I have described consciousness as being an agglomeration of certain features we 
recognize in ourselves, specifically in our subjective experience. This is 
hardly the first time in our many discussions that I have referred to 
"features" or described consciousness in this way!


> then why write "associate with." You make it sound as if the brain
> causes something to happen somewhere else (the mind).


You simply misread me. By "we associate with" I meant (and have always meant) 
the things we think of when speaking of consciousness! You continue to be 
fixated on this idea that the "mind" if invoked as such must be taken to mean 
something entity-like. Think again of the wheel and its turning. If the wheel 
is an entity, must we think its turning is, too??????


>But according to
> Dehaene the brain dioesn't cause the GNW, the brain is the GNW.

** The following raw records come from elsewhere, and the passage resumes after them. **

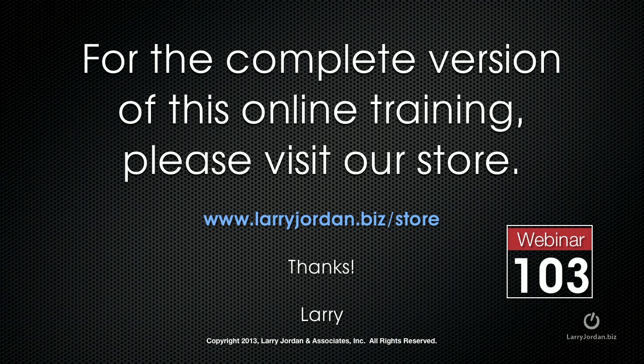This has been an excerpt of a recent Power Up webinar. For the complete version of this online training, please visit our store at larryjordan.biz/store and look for Webinar 103. Thanks.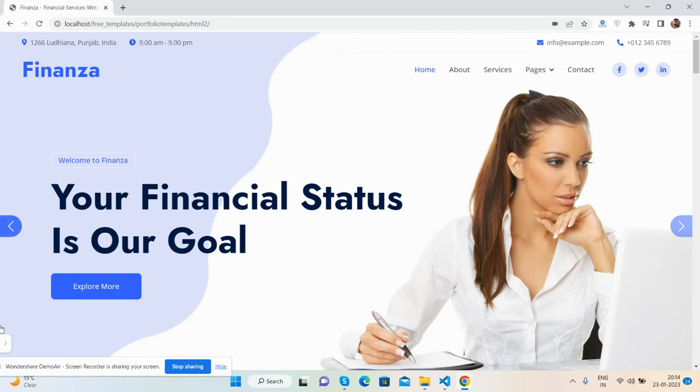Hello guys, how are you? Welcome back to my channel, The Free Templates, and I hope you all are doing great. So friends, in this working video, I'm going to show you a beautiful financial template, Bootstrap 5, and it's totally free.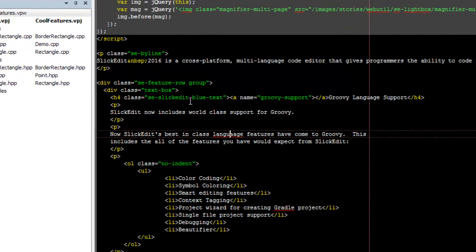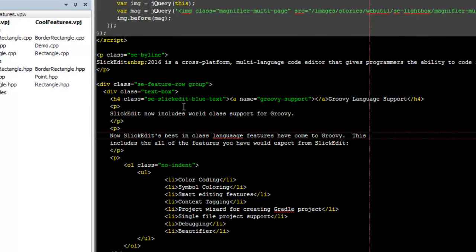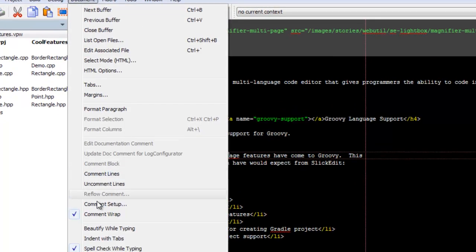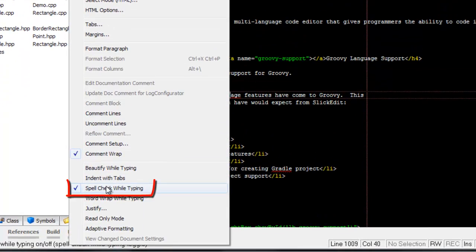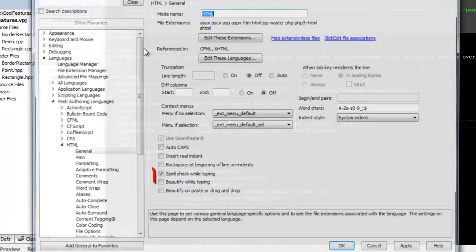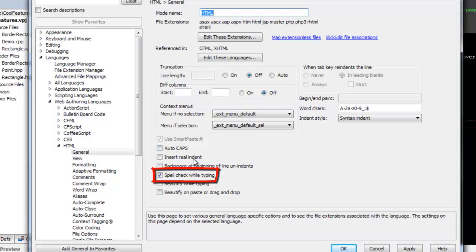SlickEdit's new Spellcheck While Typing feature makes it easy to see where you made mistakes. You can turn it on for an open file, or for an entire language.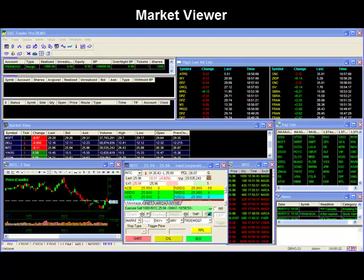Hello and thank you for joining our DAS video series. In today's short video, we will be covering our Market Viewer window.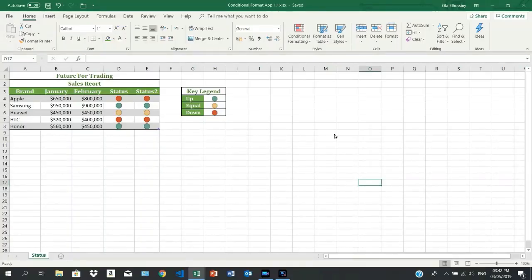Welcome guys, my name is Ola El-Hosini, Microsoft Certified Professional and Microsoft Office Specialist. In this tutorial, I am going to show you how to create a KPI to know if there is a growing or shrink in the sales values.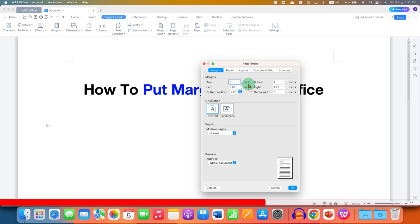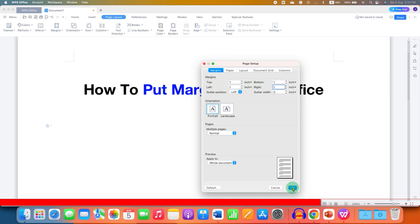So here I have selected inches for top, left, bottom and right. Just enter the number. For example, 1 inch in all the boxes and then click on OK.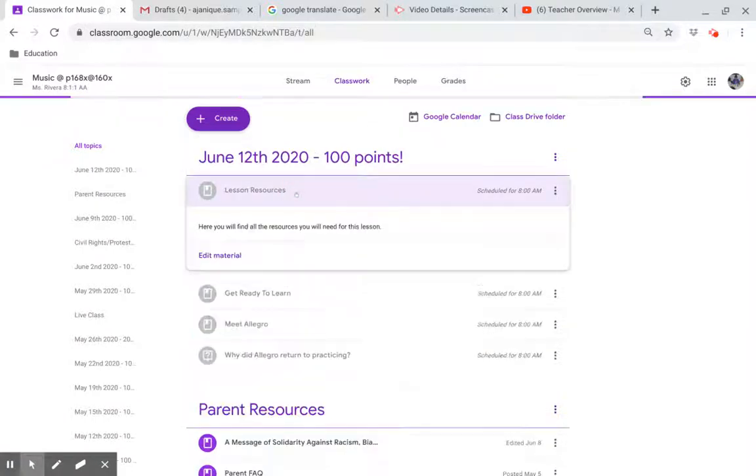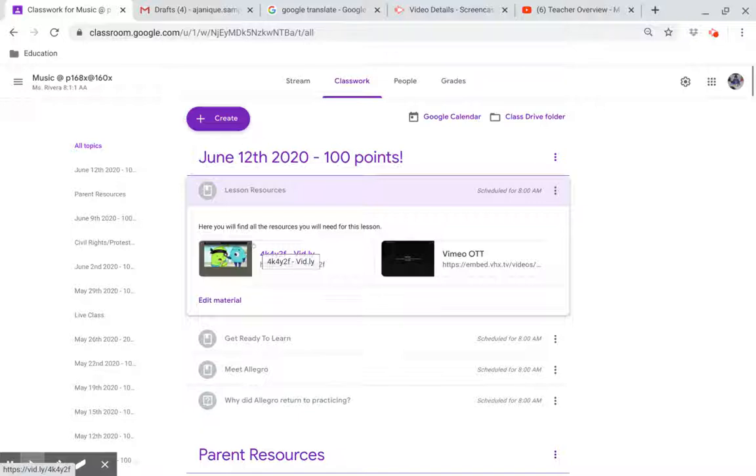Lesson Resources. Here you will find all the resources you will need for this lesson.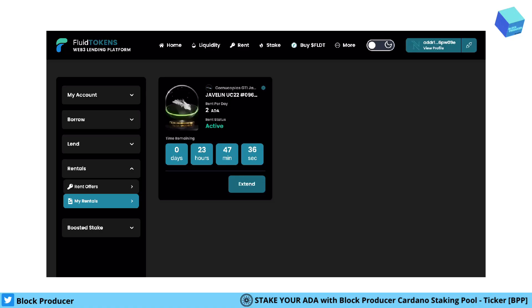Fluid Tokens offers different products for different NFT users. For example, you would like to trade on TapTools Pro but you don't get the access — you need to have an NFT.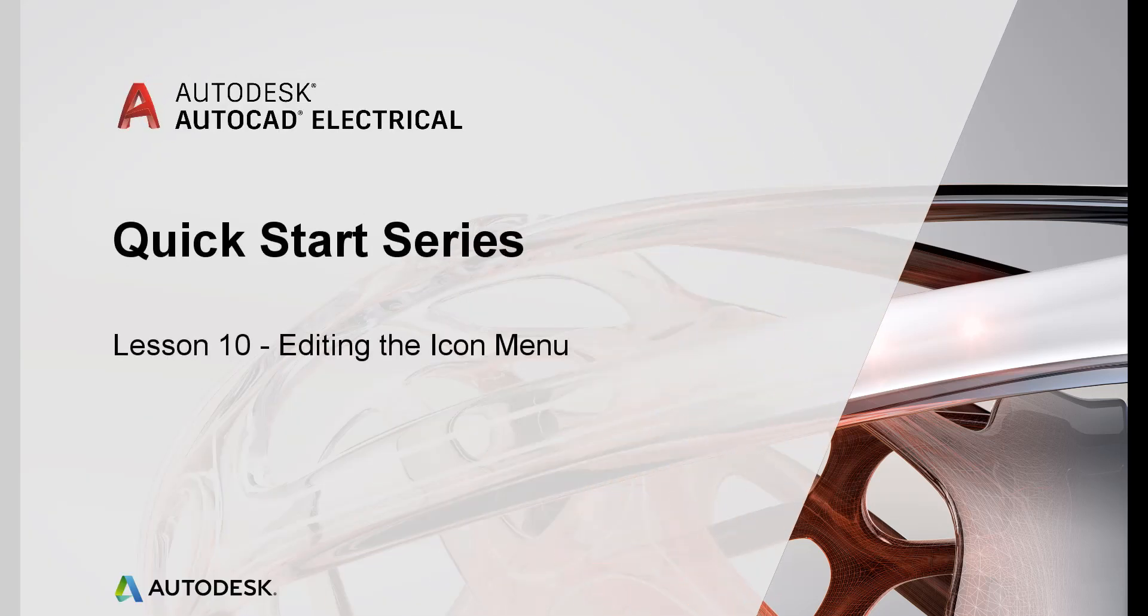Lesson 10: Editing the Icon Menu. In this lesson, we will add the custom symbol created in Lesson 9 to the icon menu for easy accessibility.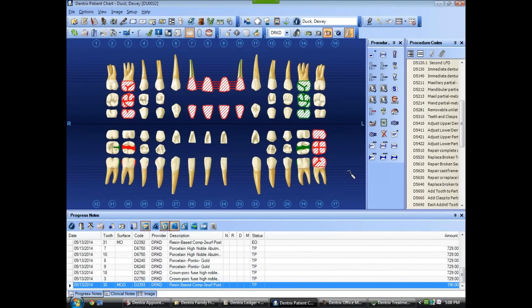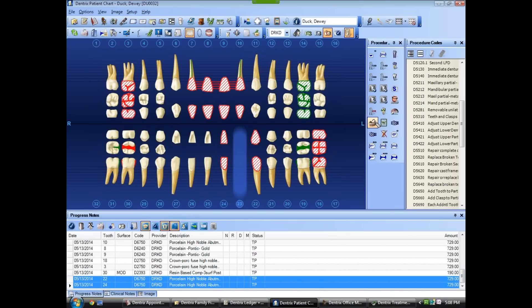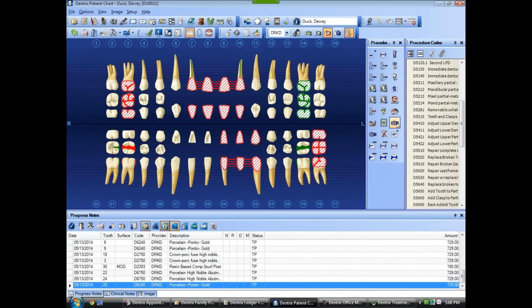Because we have a missing tooth number 23, we better do a bridge down there too — a bridge from 24 to 22. It looks like all our existing restorations are in there, the missing teeth are in there, and our treatment plan is in there. We can see the treatment plan down below and we're ready to go to the treatment plan.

No, he says it is many different parts of the brain working together and 
interacting that are the global neuronal network. The brain is firstly more 
than just those parts and secondly a physical object and not, itself, such a 
network.


> The
> brain is mind. An identity, not a causal account, closer to two sides of
> the coin. If you see the coin as conceptual, then no problem, but if you
> try to place the sides of a coin in a causal relationship, you got
> trouble.
>
> bruce

Here's the coin picture again: The brain's processes, its operations, are the 
coin. The publicly observable features of those operations (the electrical 
firings, the identifiable patterns seen through the agency of an fMRI) are the 
one side. The experiences occurring to the subject, the subjectness, are the 
other. Two sides, one coin, but each side is also itself and not the other. Not 
logical identity, something else, albeit something perfectly ordinary and 
comprehensible if one can shake the fixation on identity as a claim of logic.